Sometime in October 2019, Zhang informed the seller that many potential buyers were concerned about the Cash-Over-Valuation (COV) amount they would have to pay if their offer price was more than the valuation of the unit. Upon hearing this, the seller asked Zhang if it would be possible to get a valuation of the flat. Zhang suggested finding someone to pose as a buyer by registering an Intent to Buy and submitting an Option to Purchase (OTP) to HDB, so as to apply for a valuation report.
Zhang then prepared an OTP with a purchase price of $535,000. Indicating himself as the buyer, he filled in his NRIC number and signed the witness portion as “William Zhang”. To compound matters, he forged the seller’s signature on the OTP and submitted the OTP to HDB.
Thereafter, a HDB appointed valuer conducted the valuation of the unit with Zhang. After receiving the valuation report which valued the unit at $525,000, Zhang informed the seller, and convinced him to reduce his asking price accordingly. Zhang eventually found buyers for the unit at $525,000 and a genuine OTP, signed by the seller, was exercised by the buyers and submitted to HDB.
Subsequently, HDB discovered that Zhang had falsely declared information in the Intent to Buy which he submitted to HDB in relation to the OTP he had falsely prepared. Further investigations also revealed that two OTPs were issued in the seller’s name for the sale of the unit but with two different signatures of the seller. After confirming with the seller that he had only signed one OTP, HDB suspected that Zhang might have forged the seller’s signature on the other OTP in order to obtain a valuation of the unit and referred the case to CEA.
CEA’s Disciplinary Committee (DC) convicted Zhang of breaching paragraph 7(1) read with paragraph 7(2)(a) of the Code of Ethics and Professional Client Care, under the First Schedule of the Estate Agents (Estate Agency Work) Regulations 2010, for doing a deceitful act which may bring discredit or disrepute to the estate agency industry by submitting a fictitious OTP to HDB so as to apply for a property valuation report from HDB.
The DC sentenced Zhang to a three-month suspension and a financial penalty of $2,500. One other charge was taken into consideration.

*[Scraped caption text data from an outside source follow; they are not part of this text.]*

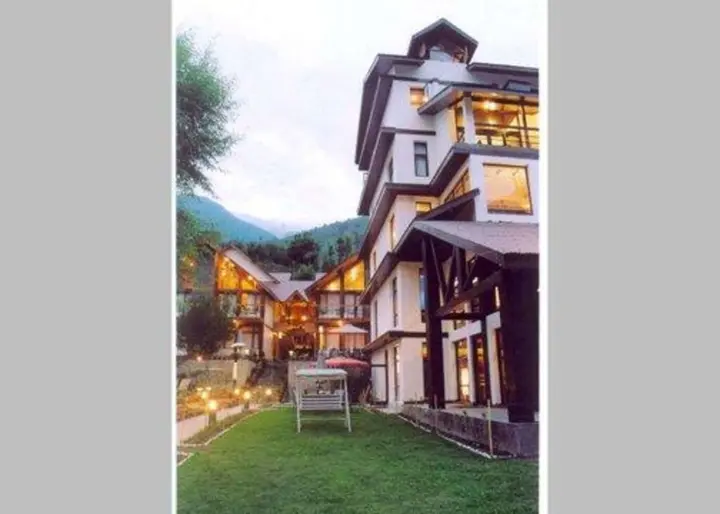 Манали: Renest River Country Resort Manali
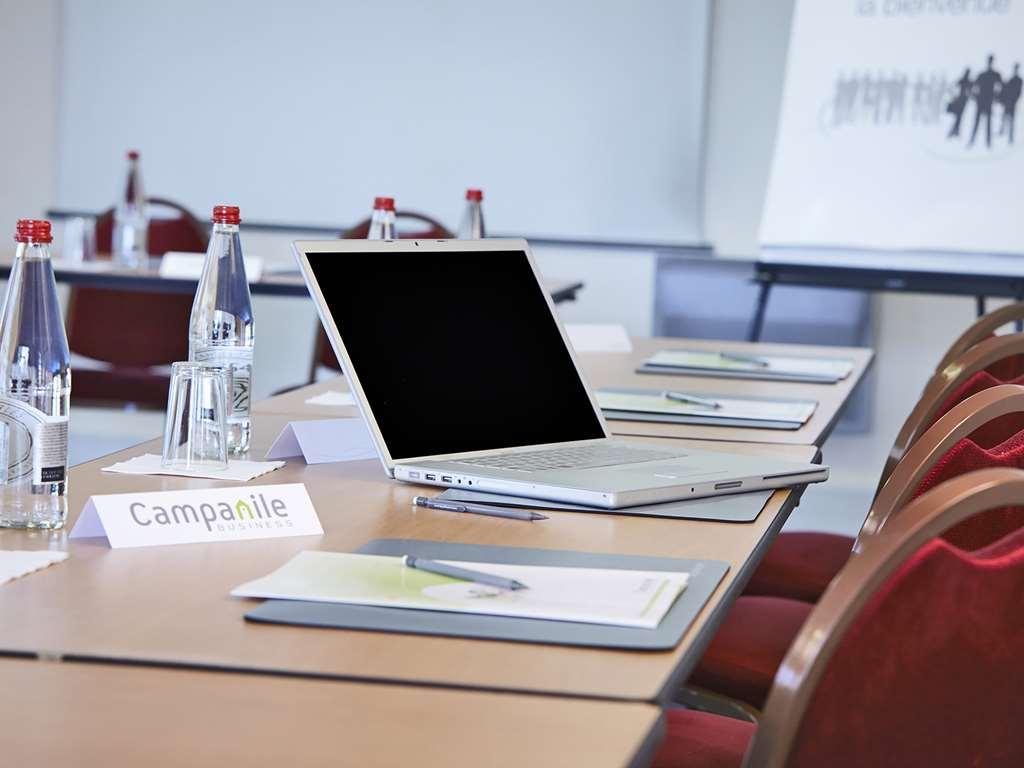 Campanile Nature - Ferrand Le Brezet 3*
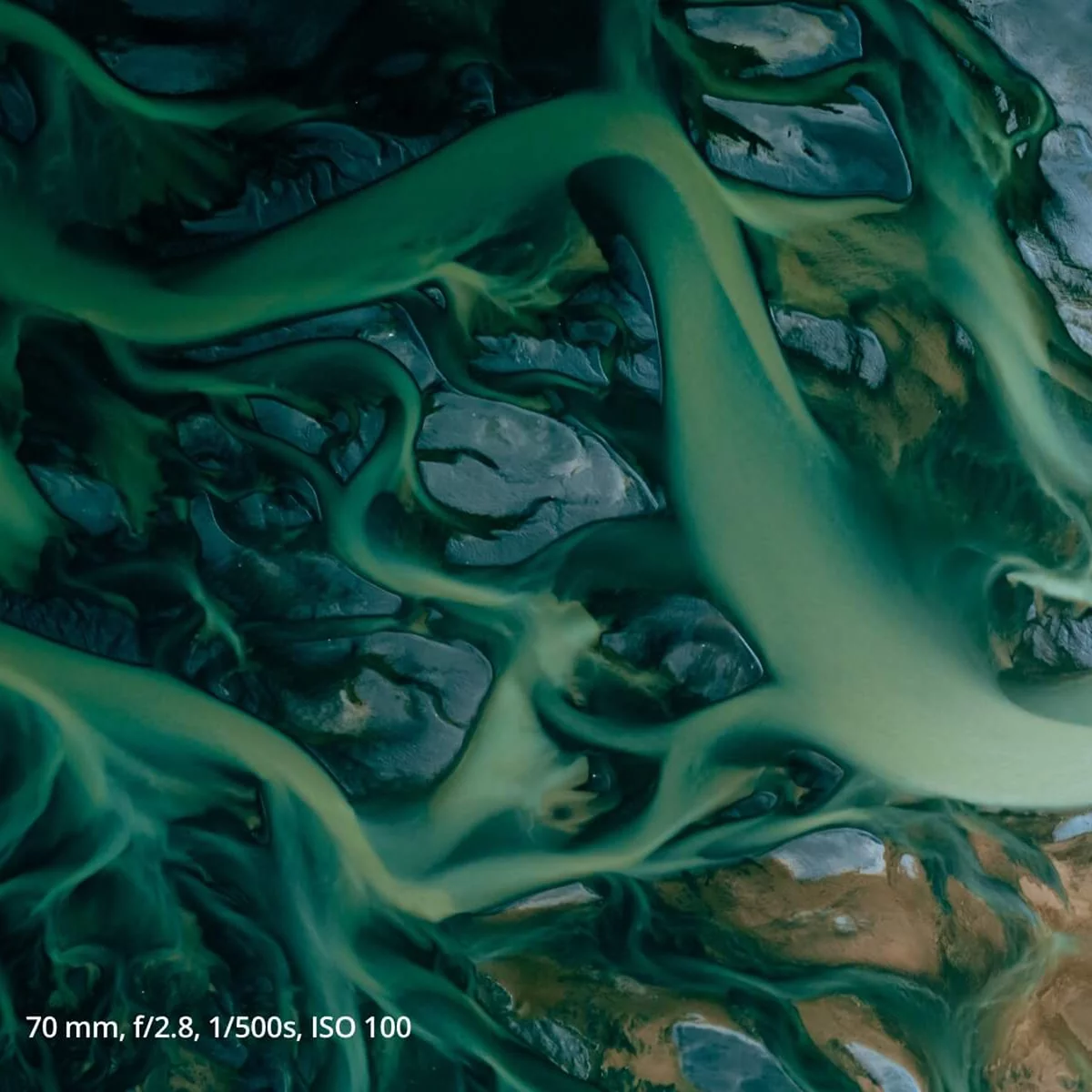 DJI Mavic 3 Pro with DJI RC (Screen Remote Controller), Flagship Triple-Camera Drone with 4/3 CMOS Hasselblad Camera, 43-Min Flight Time, and 15km HD Video Transmission - (Open Box)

Industry practitioner’s view on the case
By Mr Eugene Lim, Key Executive Officer
ERA Realty Network Pte Ltd
It is common for some sellers to have unrealistic price expectations. In this case, after Zhang had marketed the property for about four months, it was quite clear that the seller’s expected price was higher than what the market was willing to pay. Asking Zhang to get a valuation of the flat was an indication that the seller might have been prepared to adjust his price following an independent valuation.
Zhang could have arranged for a formal valuation to be done by a licensed valuer. That report, which would have shown the open market value of the flat at that point in time, would have been the proper way to convince the seller that his expected price was above the market and helped him make an informed decision about lowering his price.
Instead, Zhang chose to submit a fake Intent to Buy and an Option to Purchase (OTP) in order to apply for a valuation report. He also forged the seller’s signature on the OTP that was submitted to HDB as supporting document to apply for the valuation.
While the end result led to the seller lowering his price, Zhang’s series of deceitful acts to obtain that valuation landed him in trouble.